Software-as-a-service (SaaS), platform-as-a-service (PaaS) and infrastructure-as-a-service (IaaS) are no longer alone in the cloud resource market. As the cloud’s underlying technology has gained ground among enterprise, midsize and even small businesses, its services have undergone significant change, evolving beyond these three well-known models. So what’s next?
Start with the Basics
SaaS is the simplest cloud model, providing applications over a distributed network and eliminating the need for installation on local servers. This is often the first step for cloud-unsure companies, or those who have complicated legacy systems in place. PaaS, meanwhile, broadens scope of IT power in their own cloud, allowing the freedom to design and test applications in-house, but with the safety of separate compute instances. For ambitious admins, IaaS offers a from-the-ground-up solution requiring greater management, and potentially greater rewards.
Each type has been refined by large industry players and niche market goers alike, with an aim to improve their uptime, speed of implementation, and ease of use. Costs, meanwhile, have come down, as providers hammer out common contract terminology and IT professionals become more discerning about suppliers they choose. The result is market evolving beyond the “big three” of traditional cloud computing.
For starters, options like database-as-a-service (DBaaS), business-intelligence-as-a-service (BIaaS), and security-as-a-service (SECaaS). In short, any resources used by companies in-house are potential candidates for the cloud.
Of particular note is the evolution of storage-as-a-service (STaaS). A truly cloud-based storage environment has the potential to eliminate substantial server costs over time, while keeping data close enough at hand to access as though present on-site.

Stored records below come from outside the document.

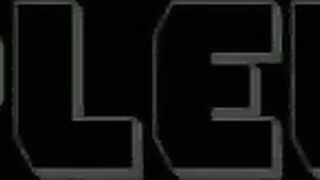 xvideovlogbr-4461-video-porno-com-branquinha-gostosa-dando-bucetinha-para-negrao-dotado
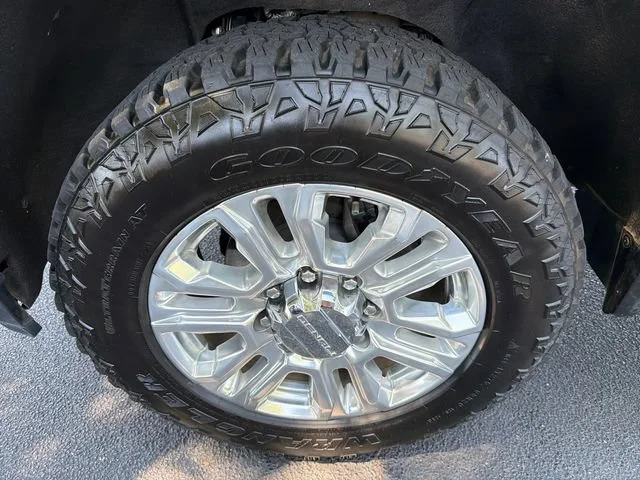 Used 2021 WHITE FROST TRICOAT GMC Denali image 11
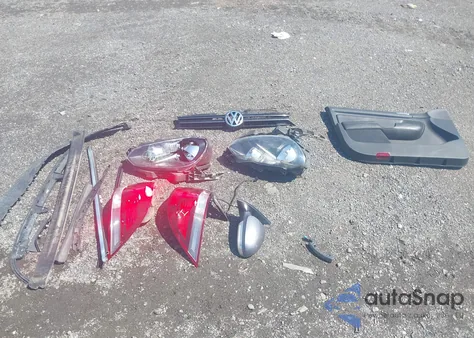 2014 Volkswagen Jetta Sportwagen 2.0L Tdi from USA, damaged, VIN 3VWPL7AJ1EM601733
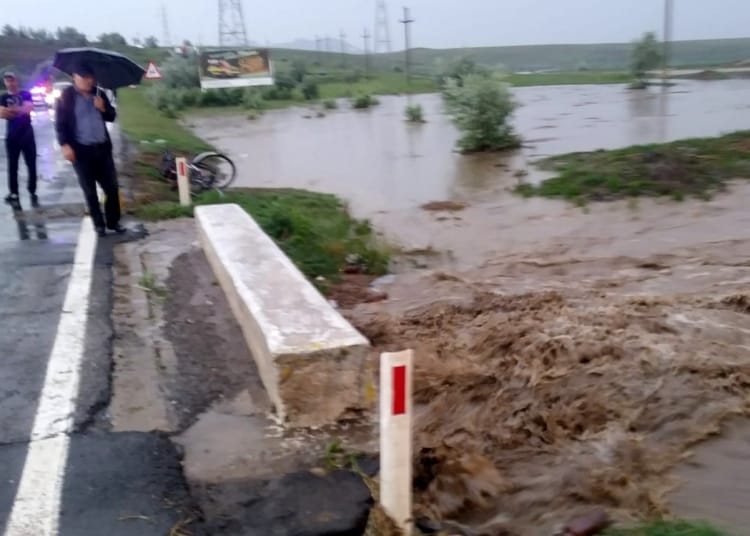 Viitura a ajuns pe șosea. FOTO DRDP Constanța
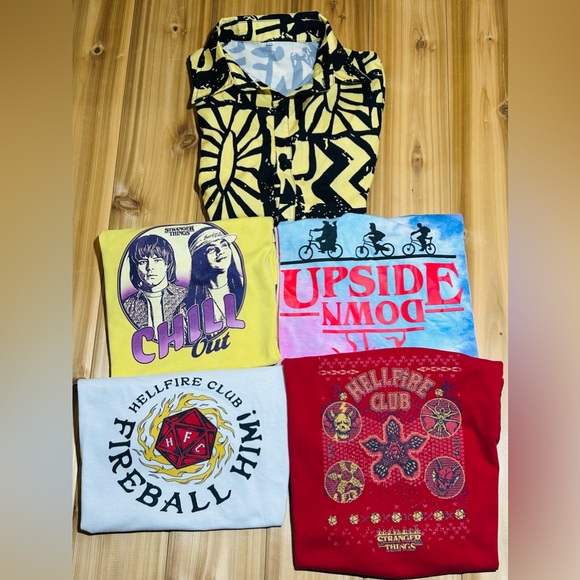 Stranger Things Argyle & Jonathan Chill Out Retro T-Shirt Women’s Size Small - Picture 7 of 7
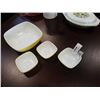 Image 2 : 4 SQUARE YELLOW PYREX BOWLS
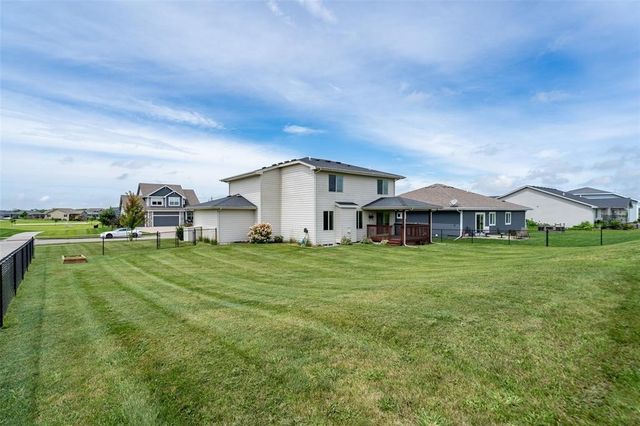 1615 NE Vicksburg Drive, Ankeny, IA 50021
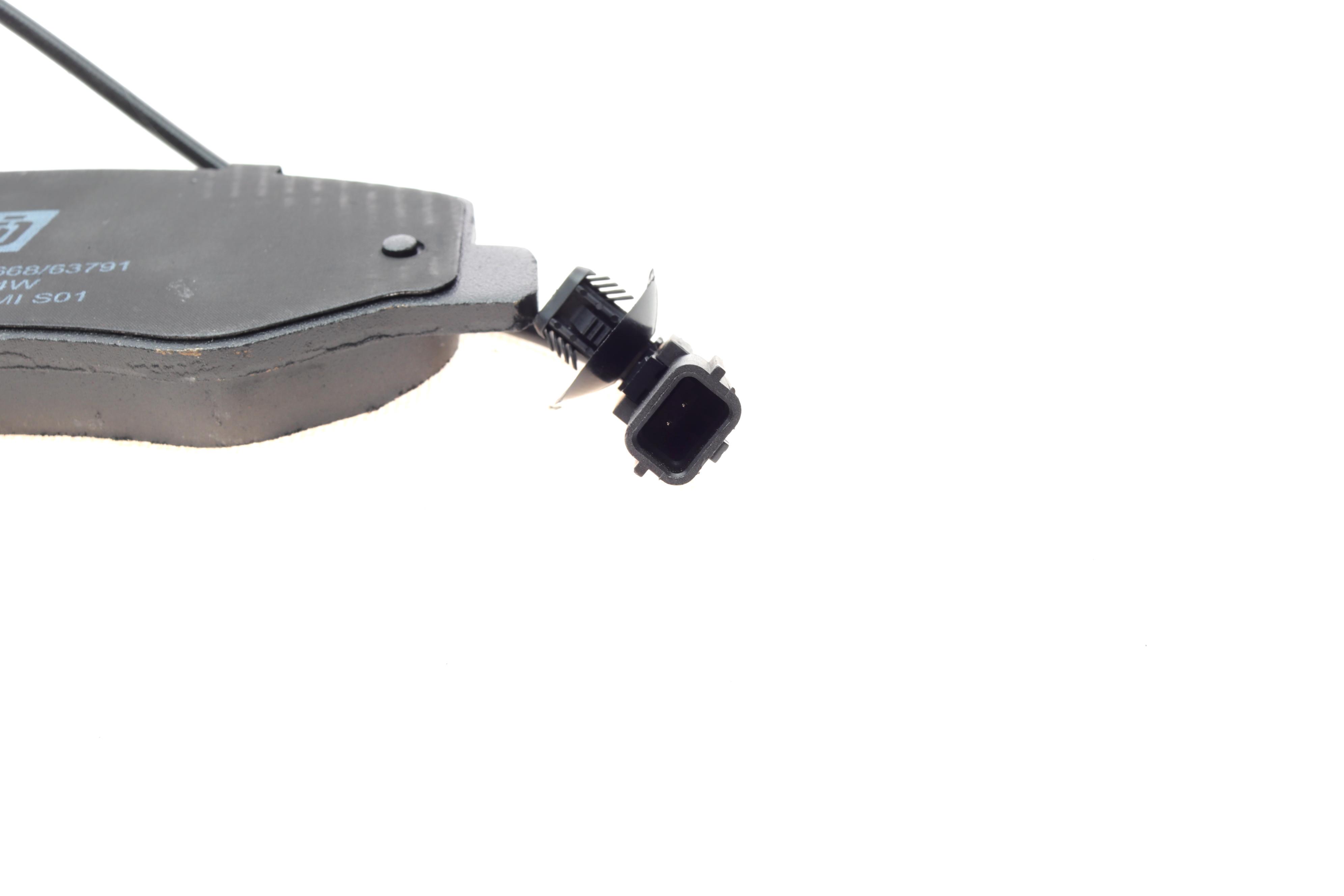 Колодки гальмівні (задні) Renault Master 10- (спарка) (з датчиком)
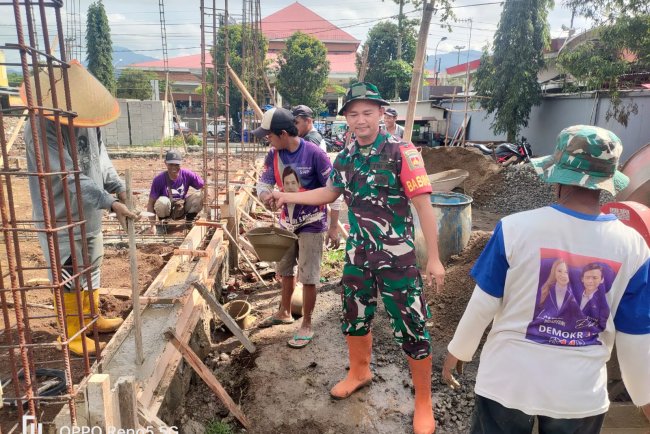 Babinsa Koramil 12 Sigaluh Awasi Pembangunan KDKMP di Kelurahan Kalibenda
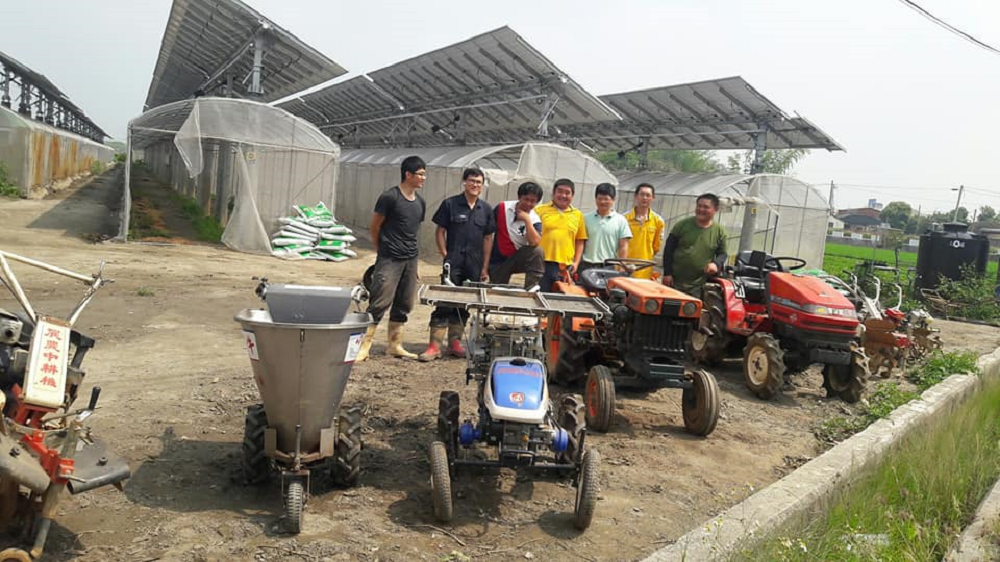 桃園市青農與開陽光電公司合作於雲林縣土庫鎮追日型太陽能電廠種植仙草，桃青農特別載運溫室設施專用小型農機具前往施作。 圖：行政院農委會／提供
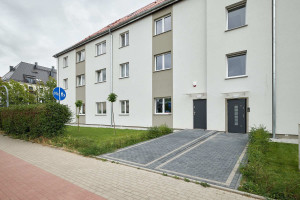 Komercyjne na sprzedaż 60m2 Legnica Bielańska  - zdjęcie 1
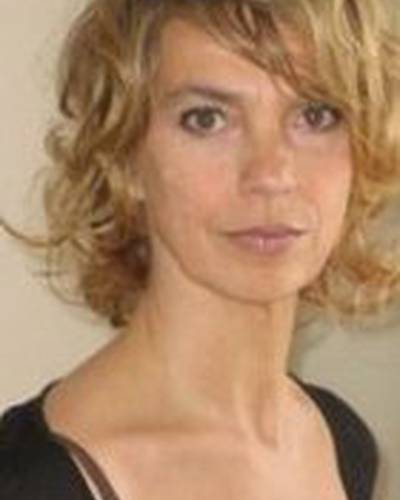 Изабель Линнартц фото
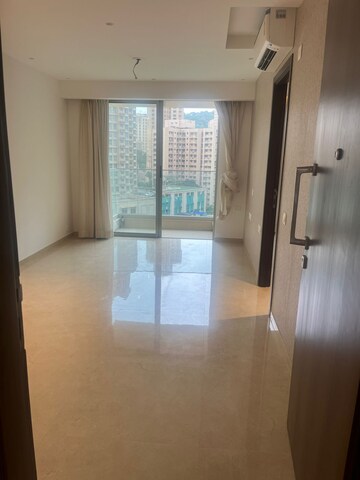 Room in 3 BHK Apartment at Hiranandani Highland, Powai – for Rent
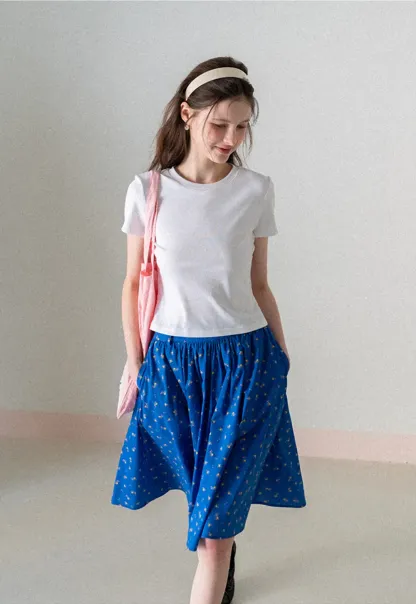 A-line skirt with floral print and elastic waist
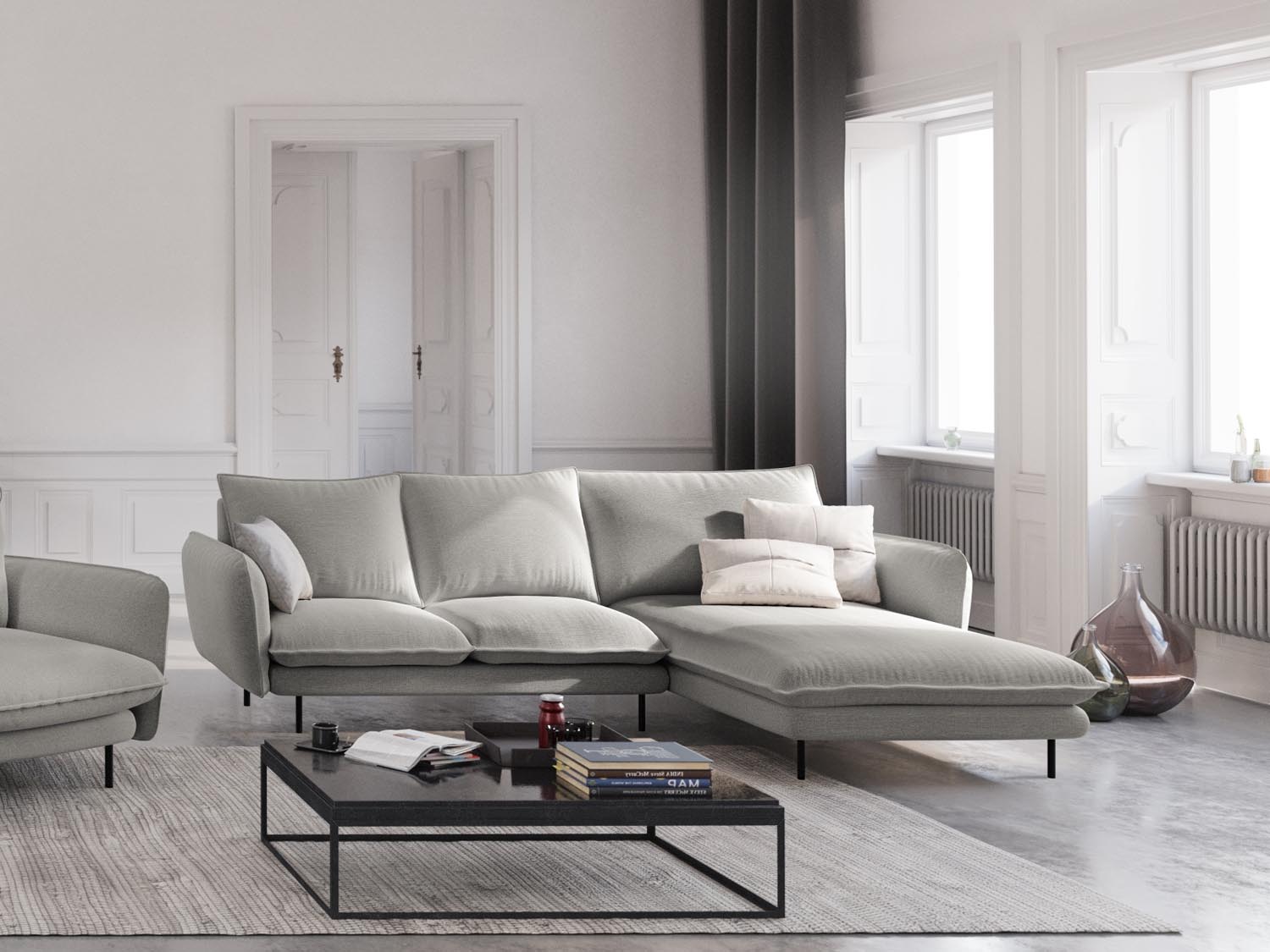 Elegantes Vienna Ecksofa in Light Grey und Schwarz, 5-Sitzer, ideal für stilvolle Wohnräume, präsentiert von Cosmopolitan Design.
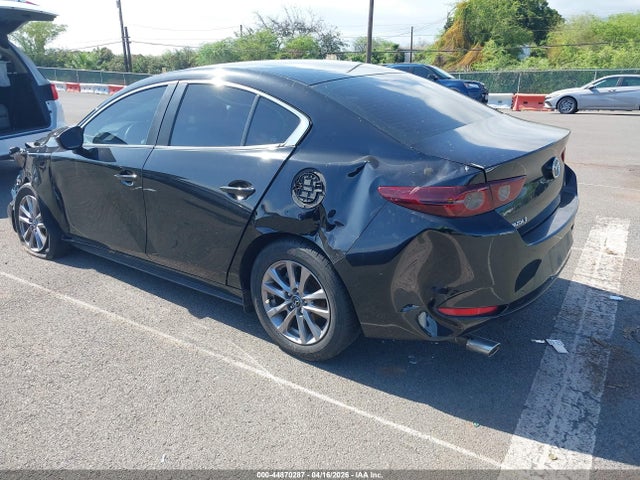 Mazda MAZDA3 2020 3MZBPABL9LM134733 Image 3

But ways to manage this resource effectively go beyond simple storage containers and disaster recovery locations; the evolution of this cloud compute feature is to take advantage of the largely untapped processor capabilities inherent in deployment. It works like this: Stored data takes up space, but doesn’t make best use of server potential. Providers are now capitalizing on this imbalance by creating app testing and execution environments in the space between. This allows storage services to do double-duty, improving their value without compromising their function.
IT resource management has improved significantly thanks to basic cloud solutions like SaaS, PaaS and IaaS. In addition, more advanced alternatives are also coming to bear as the market matures, and better use is made of existing technology.